Filmbuch-Rezensionen
Filmbuch des Monats
November 2009

Anton Kaes:
Shell Shock Cinema
Weimar Culture and the Wounds of War
Princeton University Press, Princeton and Oxford 2009
312 S., 25 Euro
ISBN 978-0-691-03136-1

Anton Kaes:
Shell Shock Cinema.
Weimar Culture and the Wounds of War

Wenn man vom Kino der Weimarer Republik spricht, dann sind damit fünfzehn der wichtigsten Jahre des deutschen Films gemeint. Die Zeit ab 1918 verbindet sich mit den Namen Ernst Lubitsch, Fritz Lang, Friedrich Wilhelm Murnau, Georg Wilhelm Pabst, Carl Mayer, Erich Pommer – um nur die Prominentesten der Kreativen zu nennen. Der Anfang war das Ende des Ersten Weltkriegs, das Ende der Machtbeginn der Nationalsozialisten. In den fünfzehn Jahren fanden eine Inflation und eine Weltwirtschaftskrise statt und der Übergang vom Stummfilm zum Tonfilm. Die politischen, ökonomischen und technischen Turbulenzen wie auch die ästhetischen Erfindungen sind von Filmhistorikern und Theoretikern schon früh gewürdigt worden. Siegfried Kracauers From Caligari to Hitler (1947) und Lotte H. Eisners L’Ecran démoniaque (1952) gelten als Klassiker der Filmliteratur, 2003 gab Thomas Koebner den Essayband Diesseits der ‚Dämonischen Leinwand’. Neue Perspektiven auf das späte Weimarer Kino heraus. Seine These: „Von Caligari führt kein Weg zu Hitler.“

Auch Anton Kaes stellt in seiner großen Untersuchung die Verbindung zwischen Caligari und Hitler in Frage. Sein Blick ist dabei aber nicht auf die angeblich so enge Verbindung zwischen dem Weimarer Kino und dem aufkommenden Nationalsozialismus gerichtet, er sucht vielmehr – und das hat eine größere Logik – in ausgewählten Filmen die Spuren des Ersten Weltkriegs. Wie wurden die Traumata der Kriegserfahrung, die erlittenen seelischen Verletzungen, die „shell shocks“ künstlerisch verarbeitet? Als Protagonist der Schule des New Historicism, die die Filmanalyse methodisch erweitert und sich ein komplexeres Bezugsfeld sucht, nutzt Kaes Forschungsergebnisse der Psychologie, der Medizin, der Literatur- und Kulturwissenschaft, um unter die Oberfläche der Filme zu gelangen. Er kommt in den sechs Kapiteln seines Buches – The War at Home / Tales from the Asylum / The Return of the Undead / Myth, Murder, and Revenge / The Industrial Battlefield – zu erstaunlichen Befunden, die uns den Zugang zu vier Klassikern des Weimarer Kinos stark erweitern: DAS CABINET DES DR. CALIGARI, NOSFERATU – EINE SYMPHONIE DES GRAUENS, DIE NIBELUNGEN und METROPOLIS. In den Geschichten, Figuren und Bildern dieser Filme lassen sich Metaphern für Traumata erkennen, die zu entschlüsseln sind und den Bezug zu Kriegserlebnissen nachvollziehbar machen, auch wenn das moderne Schlachtfeld als Szenerie nicht vorkommt. Besonders interessant sind in diesem Zusammenhang die Überlegungen zu Fritz Lang, den NIBELUNGEN und METROPOLIS. Langs Erlebnisse im Krieg und ihre Reflexion in einem mythisch-historischen und einem utopisch-versöhnenden Drama sind substantieller Stoff für die Spurensuche des Autors Kaes. Er nutzt ihn zu einem Geflecht neuer Erkenntnisse.

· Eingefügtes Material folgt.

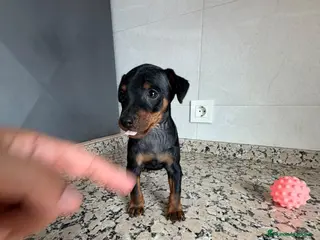 Pinscher Miniatura perros MINI PINSCHER - Anuncio 2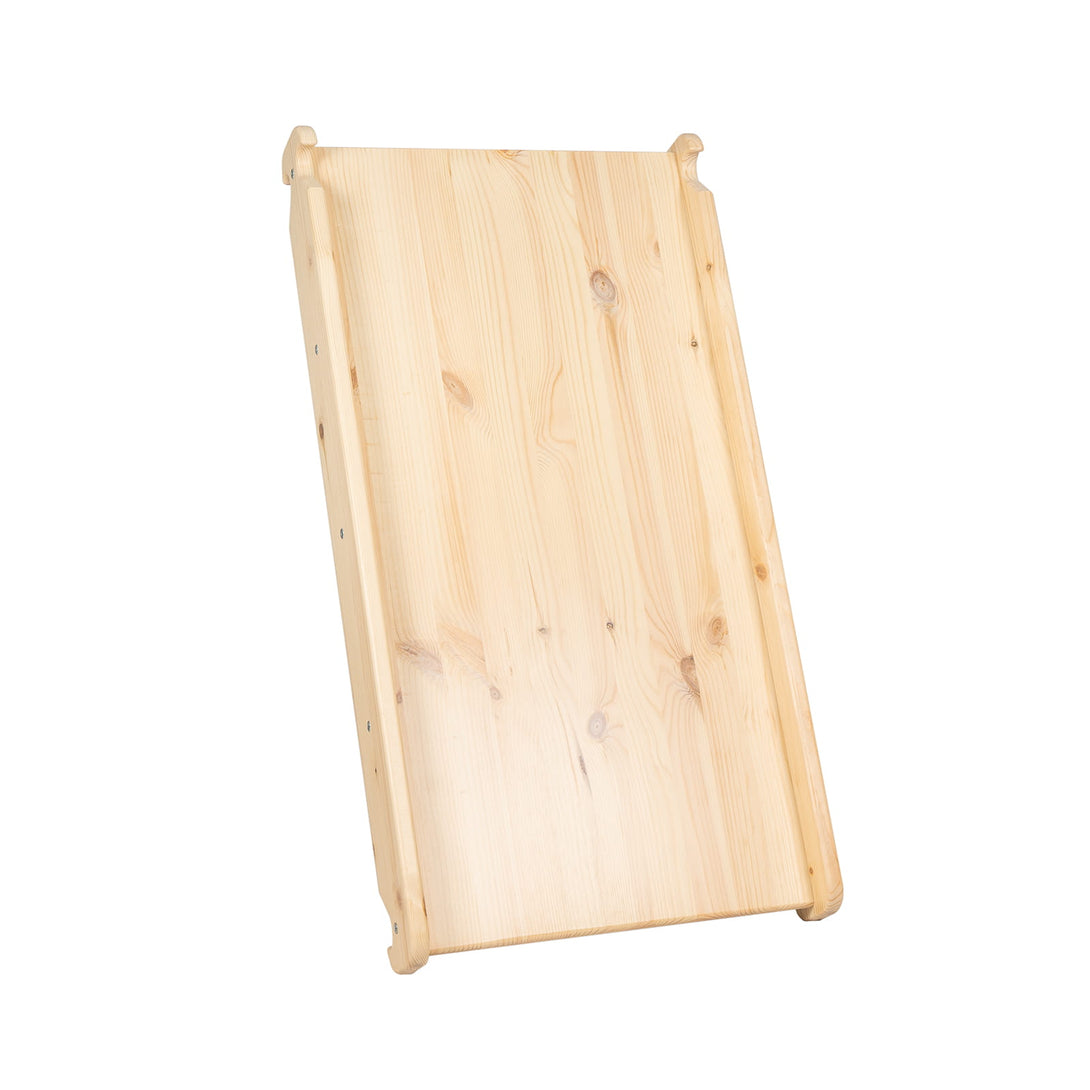 Ladder and Slide/Climbing Wall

Anton Kaes, 1945 geboren, Chancellor Professor of German and Film Studies an der University of California, Berkeley, beschäftigt sich seit mehr als dreißig Jahren mit dem Kino der Weimarer Republik, hat andererseits auch über den Neuen Deutschen Film publiziert. Er ist eine Leitfigur für den kenntnisreichen Umgang mit deutscher Filmgeschichte in Amerika. Mit dem Shell Shock Cinema-Buch hat er sich lange gequält, weil er etwas definitiv Neues über sein Spezialthema publizieren wollte. Das ist ihm gelungen, und auch in der äußeren Form ist es ein besonderer Band geworden: mit Abbildungen aus den Filmen, fotografiert von Gerhard Ullmann, gedruckt auf exquisitem Papier, mit einem eindrucksvollen Umschlagmotiv: der erwartungsvollen Ellen (Greta Schröder) aus Murnaus NOSFERATU. Auf eine deutsche Ausgabe des Buches wird man wohl vergeblich warten.